En fait de farces, vous allez feindre de trouver bien bonne celle-ci : je prétends que l’instruction publique est une puissance conservatrice. — Pas moins ! Elle est destinée à légitimer par la force de l’inertie et à perpétuer mécaniquement tout ce qui est depuis Numa Droz.

Conservatrice, et non pas réactionnaire, non, même pas. Car les forces de réaction collaborent à leur manière au progrès, elles corrigent, stimulent, vivifient. L’École se contente d’être figée. Est-ce un frein ? Même pas. C’est plutôt une vase où s’enlise notre civilisation ; et où la Démocratie peut se conserver des siècles encore…

Or si je dis que l’École est contre le progrès, c’est que le progrès consiste à dépasser la Démocratie. Et cette thèse ne va pas à l’encontre de l’évolution normale de l’humanité, comme vous ne manquerez cependant point de le dire, avec ce sens du cliché qui est un hommage à vos maîtres respectés.

La Démocratie, par le moyen de l’instruction publique, limite l’homme au citoyen. Il s’agit donc de dépasser le citoyen, de retrouver l’homme tout entier. Je distingue dans cette opération deux temps : d’abord critiquer ce qui est — par la comparaison avec ce qui fut ou ce qui devrait être ; ensuite, préparer le terrain pour les jeux nouveaux que l’humanité de demain ne peut manquer de s’inventer. Je ne puis m’empêcher de voir une intention providentielle dans cet amour de la destruction et de l’anarchie que les génies destructeurs de ce temps ont inspiré à beaucoup d’entre nous — encore que peu l’avouent. Car détruire, déblayer, et faire des signes dans le vide à des hasards gros de dangers, c’est peut-être à quoi notre génération devra limiter l’efficacité de ses efforts.

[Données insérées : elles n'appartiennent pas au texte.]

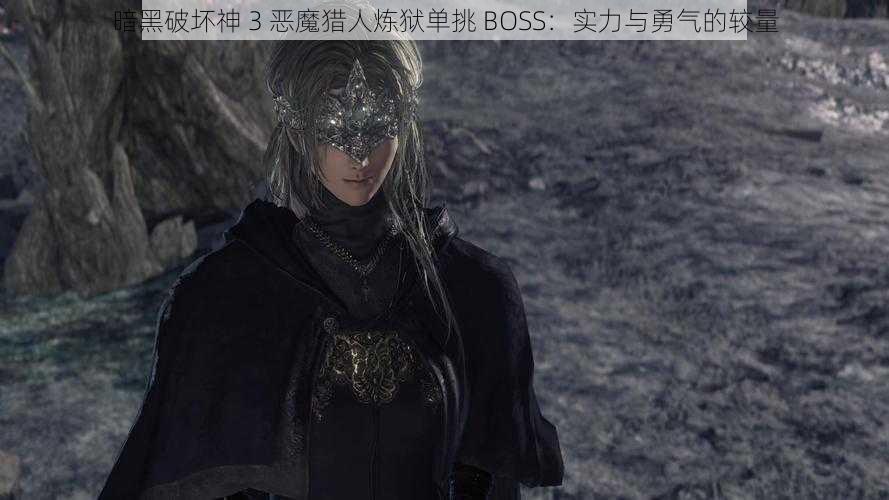 暗黑破坏神 3 恶魔猎人炼狱单挑 BOSS：实力与勇气的较量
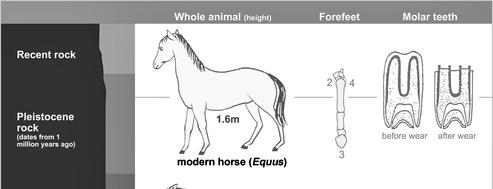 Evolution of Equine Lineage Comparing Rates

Critiquer le présent au nom du passé ne signifie pas que l’on désire un retour au passé. Mais la considération de régimes anciens peut nous amener à constater, sans plus, que notre soi-disant progrès social correspond à un recul humain. Par exemple, est-ce un progrès que d’avoir remplacé les hiérarchies de tradition, avec tout le vaste arrière-fond de poésie et de grandeur que ce mot comporte — quelles qu’en soient d’ailleurs les réalisations —, par des hiérarchies rond-de-cuiresques dont l’origine est un pis-aller, dont la méthode est le tirage au flanc lucratif, dont l’esprit est la jalousie rancie armée de pédantisme, et je ne parle pas du décor, des odeurs, de la poussière, des petites habitudes sordides et de cette matière rarement « hygiénique » et qui définit notre âge : la paperasse ?

Réponse ? Petits étourdis. Réponse non, c’est un recul.

Cette critique du fonctionnarisme, vous alliez le dire, est un ramassis de lieux communs. Mais il s’en faut, hélas, de beaucoup pour que la majorité des électeurs les considèrent comme tels. Et je ne me tiendrai pas pour battu quand on m’aura fait remarquer que la plupart des intellectuels se sont convertis depuis longtemps à ces idées antidémocratiques : il est temps qu’elles débordent ce cercle étroit et distingué. Il y a de grands balayages à faire, un grand courant d’air à créer qui emportera toutes ces statistiques et ces journaux, il en restera toujours assez pour allumer des feux de joie, etc. Bon. Supposons tout cela fait. Respirons. Mais déjà vous m’attendez à ce tournant et vous me sommez de dire comment, maintenant, je vais m’y prendre pour préparer les temps nouveaux. Énorme question. Aurai-je la naïveté non moins énorme d’esquisser ici la réponse que je lui réserve ?

L’instruction publique est la forme la plus commune de la peste rationaliste qui sévit dans le monde depuis le xviiie (depuis les dernières pestes noires). Si vous creusez un peu la notion de démocratie, vous trouverez bien vite qu’elle repose sur des postulats rationalistes. En vérité, démocratie et rationalisme ne sont que deux aspects, l’un politique, l’autre intellectuel, d’une même mentalité. Elle s’est développée au xviiie dans l’aristocratie qui n’y voyait qu’un jeu. Durant tout le xixe elle est descendue dans la bourgeoisie et dans le peuple ; elle y est devenue une tyrannie. Avant il y avait la Raison et les sentiments. Maintenant il y a le rationalisme 12 et la sentimentalité.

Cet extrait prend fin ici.